I was first drawn to listen to this book because I read in a Booklist review that it is set in small-town Iowa. Not knowing anything about author John Darnielle, I thought, “I want to find out how he portrays an Iowan. I want to hear if he’s going to butcher the way we talk.” I was admittedly skeptical that I wouldn’t find his portrayal of an Iowan to be silly, maybe a little bit insulting. Often it seems to me that nonnatives perceive us all to be rubes. Sometimes actors portray our manner of speaking in a way that more resembles a southern drawl than the intonation of an actual Iowan. I was pleased to find Darnielle’s main character sounding like some Iowans I know, albeit the ones who have also spent time living out west. This made more sense to me once I looked up a little more about Darnielle online and learned that he grew up in southern California and lived in Portland, Oregon briefly after high school. He did live in some of the Iowa towns where the events in Universal Harvester take place, though it is unclear when and how long.
My opinions of the writer/reader’s dialect aside, this book is a hard one to categorize. Some libraries in our system have classified it as fiction; others put it in the horror section. I am not usually a reader of horror books, and when I realized it was considered that, I thought “Uh oh. What am I getting myself into?” As I got further into the book, I kept bracing myself for something gory or horrifically disturbing. When I think horror, I think gore. However, there isn’t anything terribly gory in this book.

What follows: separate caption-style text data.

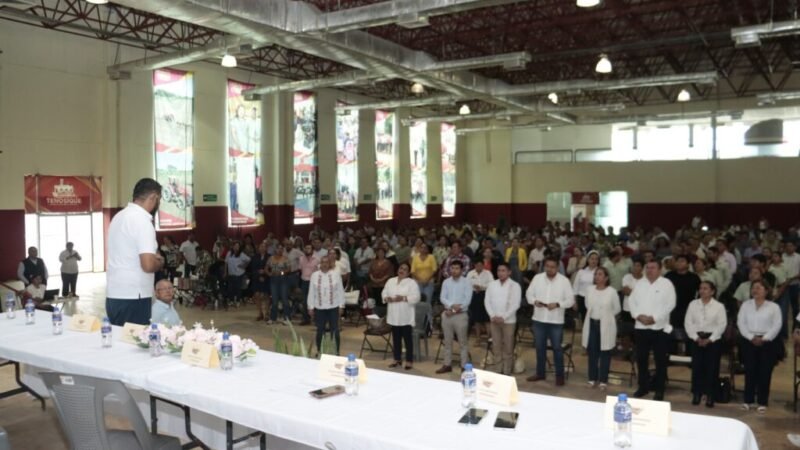 Gobierno de Tenosique y SETAB fortalecen estrategias de seguridad y bienestar estudiantil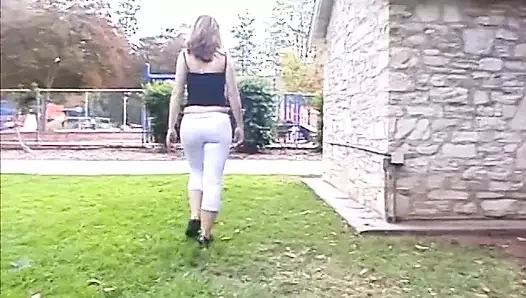 Sürtük sarışın duvar deliğinde uzun yarak emiyor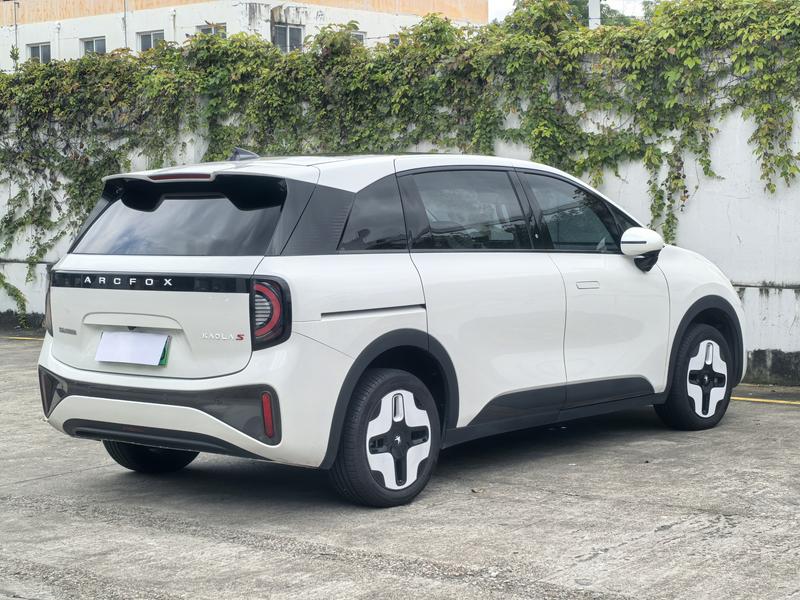 BAIC Arcfox Kaola S, 2024 — фото 6 из 10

It turns out I was just as mistaken as the folks who think Iowans speak with a drawl. I came across this great article from The Horror Writers Association and learned that horror can take as many forms as the people who read it. After all, not everyone is horrified by the same things. I happen to find gore horrifying, some people are just as horrified by the unknown. Death is perhaps the biggest of the unknowns, but there are also a myriad of other unknowns throughout life.
There are many unknowns in Universal Harvester. If you like a plot that gets neatly tied up at the end, this book is not for you. However, if you appreciate great writing and a story well-told that makes you think and ask questions, then you should check this book out. It would be a great book club selection, because there is plenty here to explore and discuss. (In fact, if you know me, please read this book so we can talk about the details together! I’m still not sure what just happened.)
Next, I am going to check out some Mountain Goats CDs. The author of this book is in a band called the Mountain Goats, and he has been hailed as one of the best living lyricists. Judging by his novel writing ability, I’d say that’s likely a fair assessment. Happy reading and/or listening!